Could you guide me to upgrade my spark version in my local machine. I would want to run on hadoop 2.7 with hive 1.2.1(metastore in mysql).
I was using the old spark version 1.5 and would like to upgrade to newer one 2.0. I have downloaded the binary file 'spark-2.0.0-bin-hadoop2.7.tgz' and tar'ed it.
I have added in the spark-env - HADOOP_HOME, HADOOP_CONF_DIR. SPARK_CLASSPATH points to mysql-connector jar file. In spark-default added spark.sql.warehouse.dir, spark.sql.hive.metastore.version and spark.sql.hive.metastore.jars.

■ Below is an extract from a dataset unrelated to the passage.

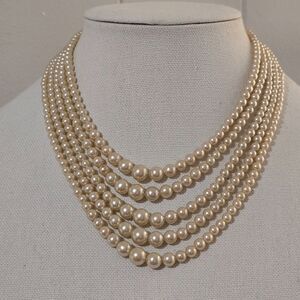 Vintage 6 Strand Cultured Pearl Choker Filigree Box Clasp Graduated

I have modified the .bashrc file. when I start hive I get the below message:
cannot access /opt/spark-2.0.0-bin-hadoop2.7/lib/spark-assembly-*.jar:
No such file or directory
I did not build the spark since its binary version. However, my older version has spark-assembly jar file but could not the same in spark2.0 jar directory. Do I need to have this jar file?

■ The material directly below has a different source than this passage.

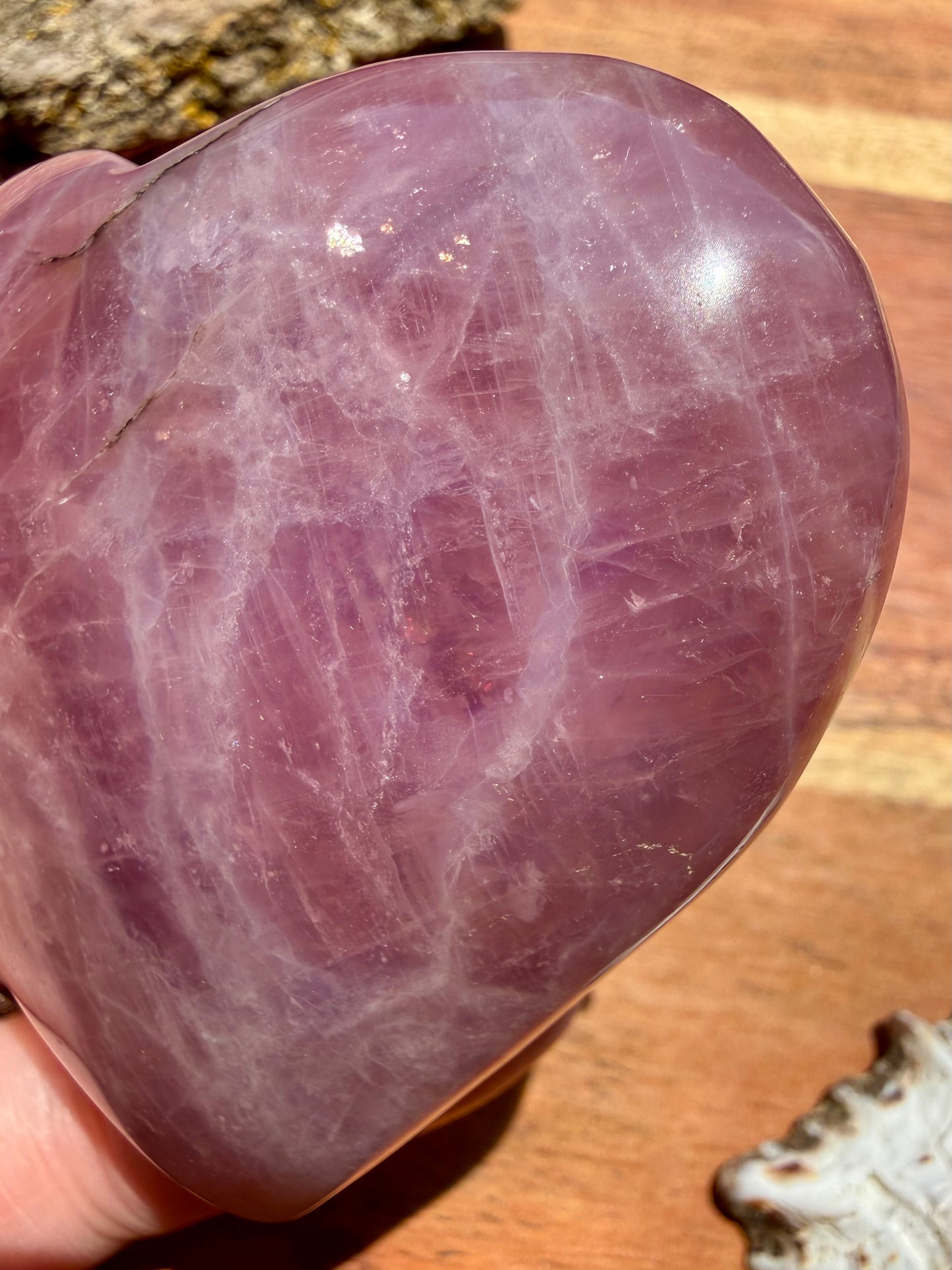 PURPLE ROSE QUARTZ HEART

I have copied `hive-site.xml to the conf directory. Also, running sql query in pyspark throws the below error:
Database at /home/revathy/metastore_db has an incompatible
format with the current version of the software. The database
was created by or upgraded by version 10.11.
My metastore version is 1.2.1(and is specified in spark-default)
Could not find details on connecting hive metastore on spark 2.0
Could someone help. From pyspark, I was able to read a file in hadoop and Hive is working fine(checked in cli).
Please provide link/details on configuring hive metastore(mysql) on spark.